Exercise instructions
Using the data that follows, give again word for word the lines between the one holding "Fisher-price Baby &" and the one holding "2013 Ford Transit Connect XLT", inclusive. Omit the pictures.

Material supplied
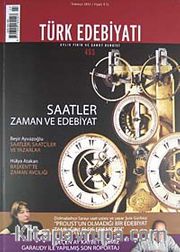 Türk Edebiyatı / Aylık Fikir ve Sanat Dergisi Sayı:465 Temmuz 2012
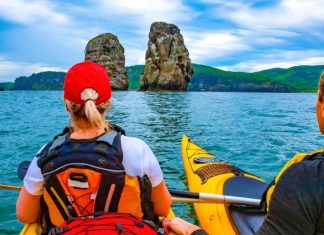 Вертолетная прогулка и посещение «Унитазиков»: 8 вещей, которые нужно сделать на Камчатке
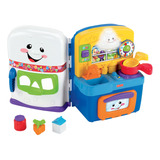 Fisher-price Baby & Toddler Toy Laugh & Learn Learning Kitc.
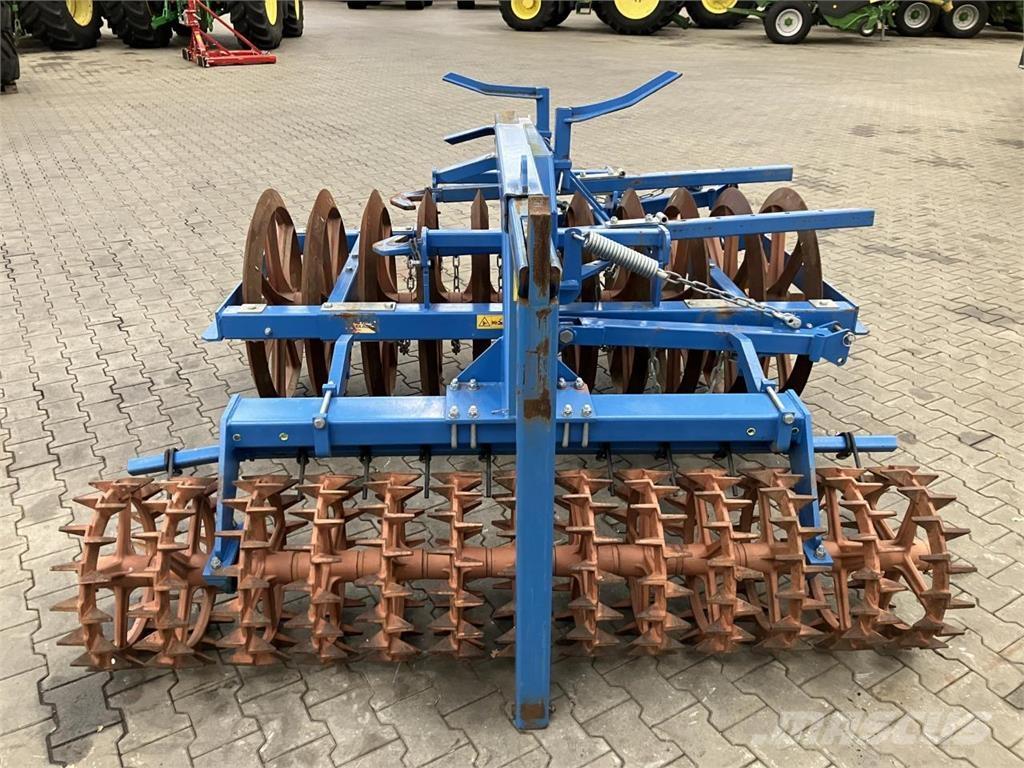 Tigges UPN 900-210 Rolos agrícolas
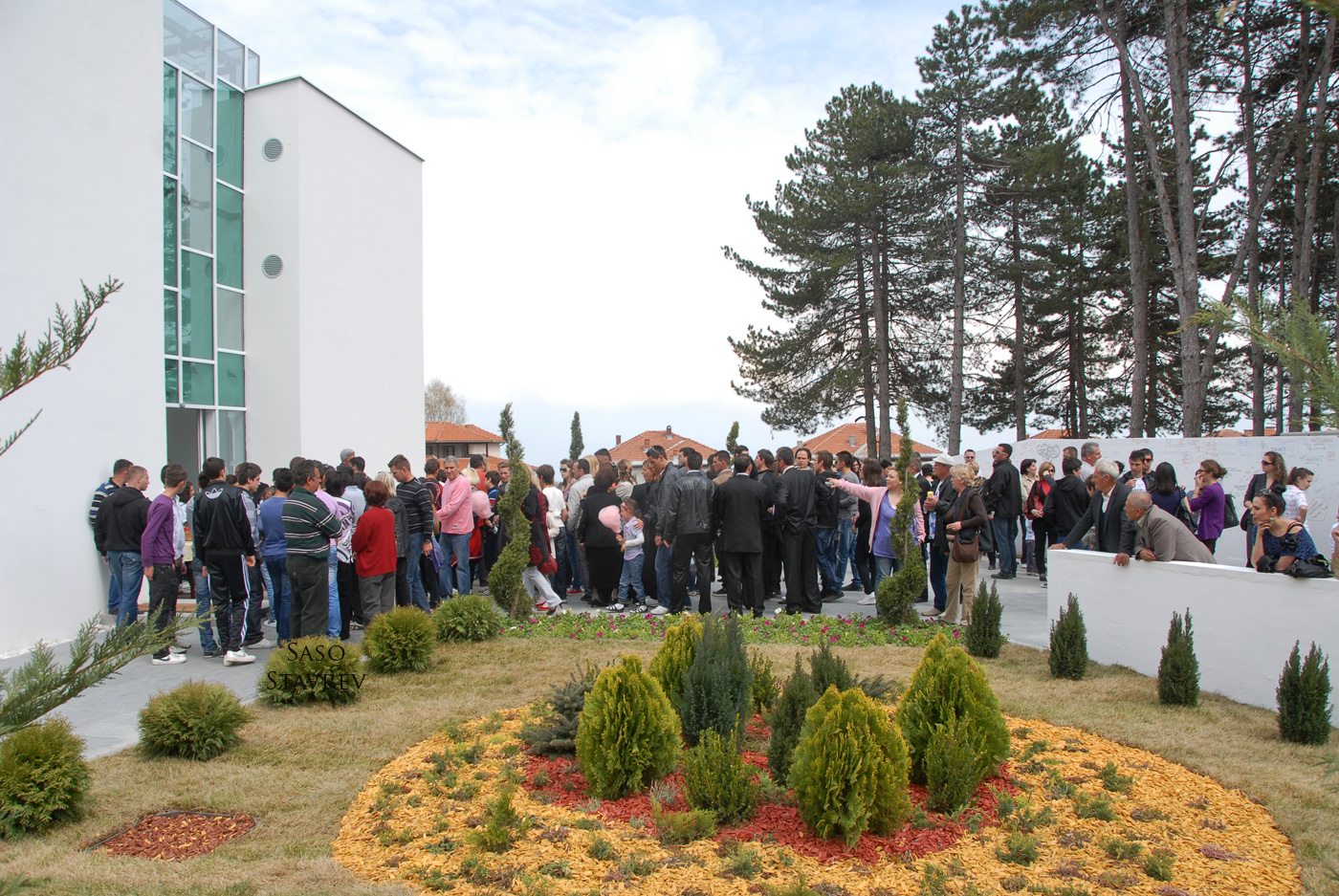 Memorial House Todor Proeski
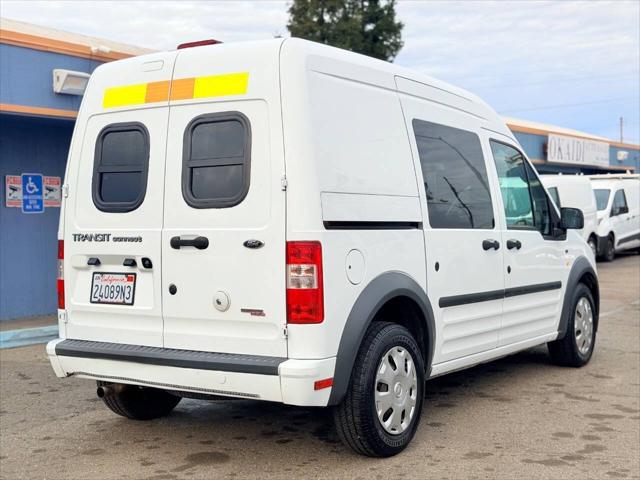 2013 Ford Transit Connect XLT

* * *

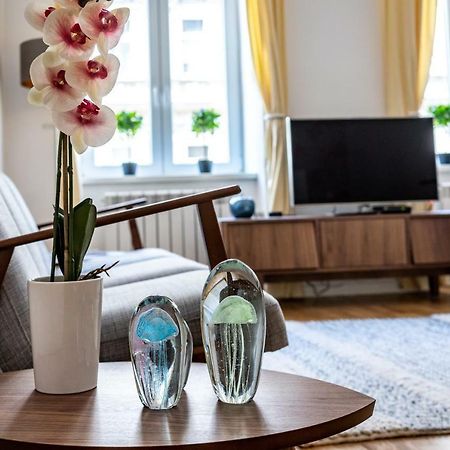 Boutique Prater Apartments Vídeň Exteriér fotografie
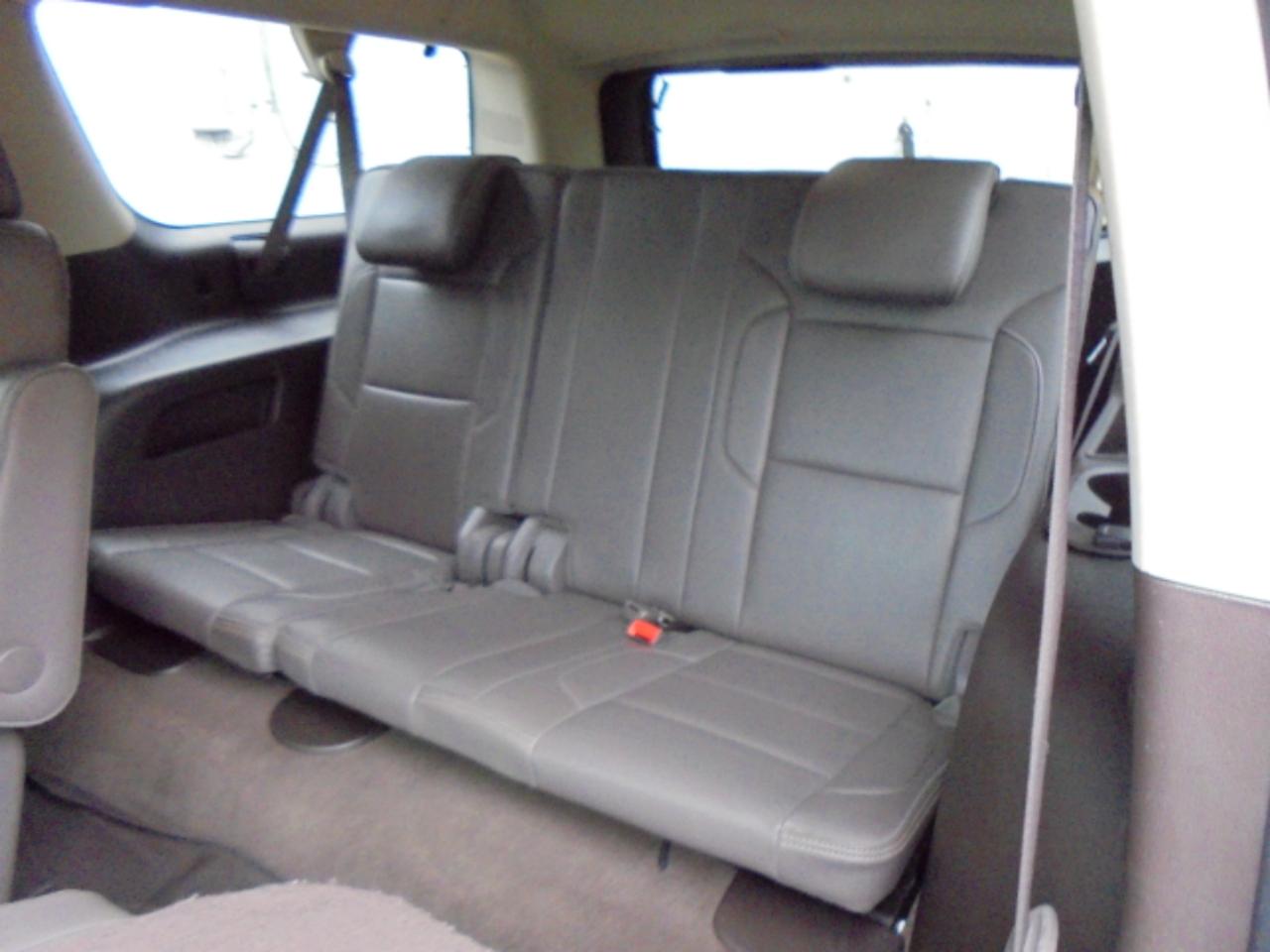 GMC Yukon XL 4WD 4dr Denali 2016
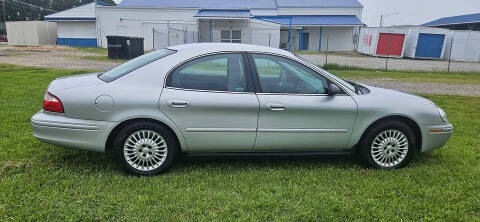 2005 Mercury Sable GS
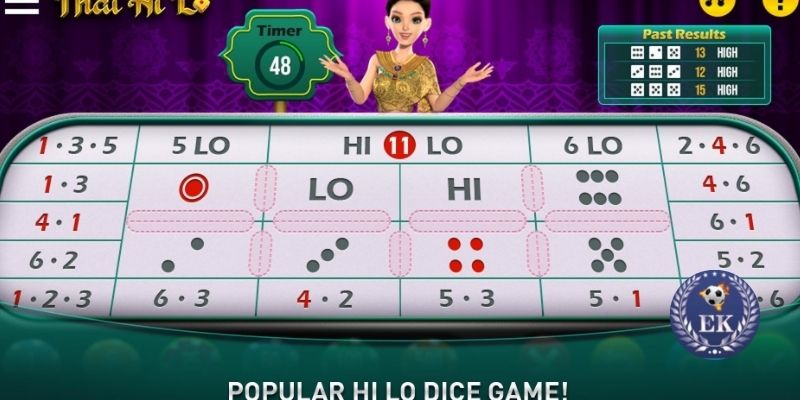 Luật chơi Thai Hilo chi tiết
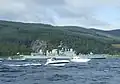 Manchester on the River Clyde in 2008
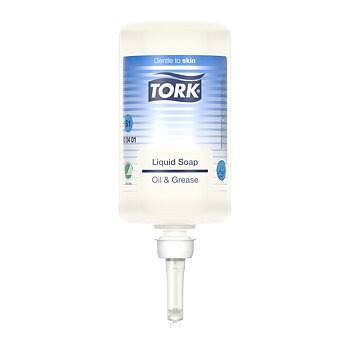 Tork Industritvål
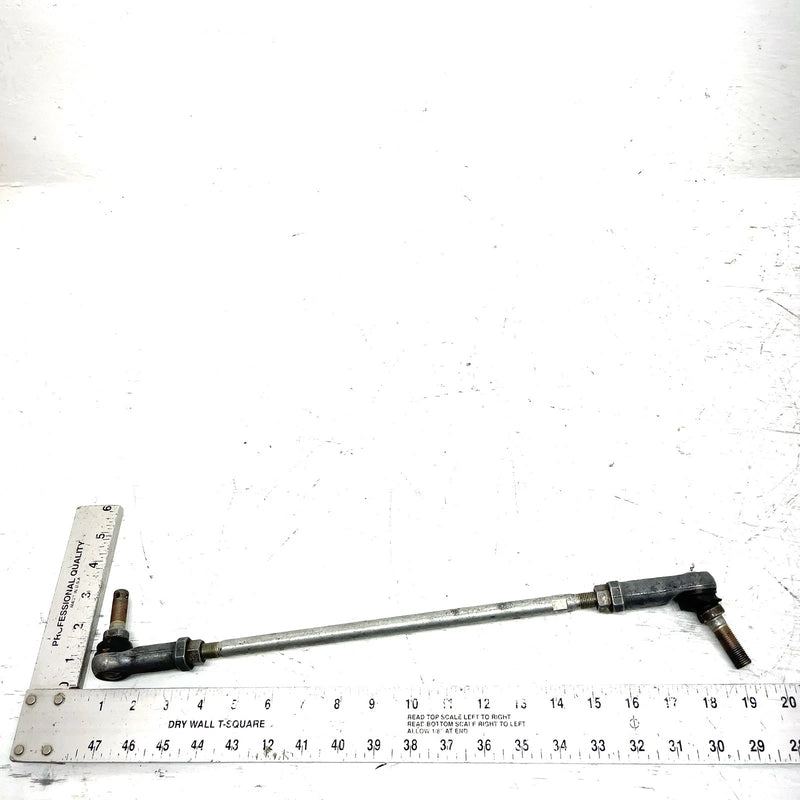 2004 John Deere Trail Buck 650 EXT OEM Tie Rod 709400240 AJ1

---

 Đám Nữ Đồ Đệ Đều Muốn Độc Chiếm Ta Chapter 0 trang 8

Final answer
 Fisher-price Baby & Toddler Toy Laugh & Learn Learning Kitc.
 Tigges UPN 900-210 Rolos agrícolas
 Memorial House Todor Proeski
 2013 Ford Transit Connect XLT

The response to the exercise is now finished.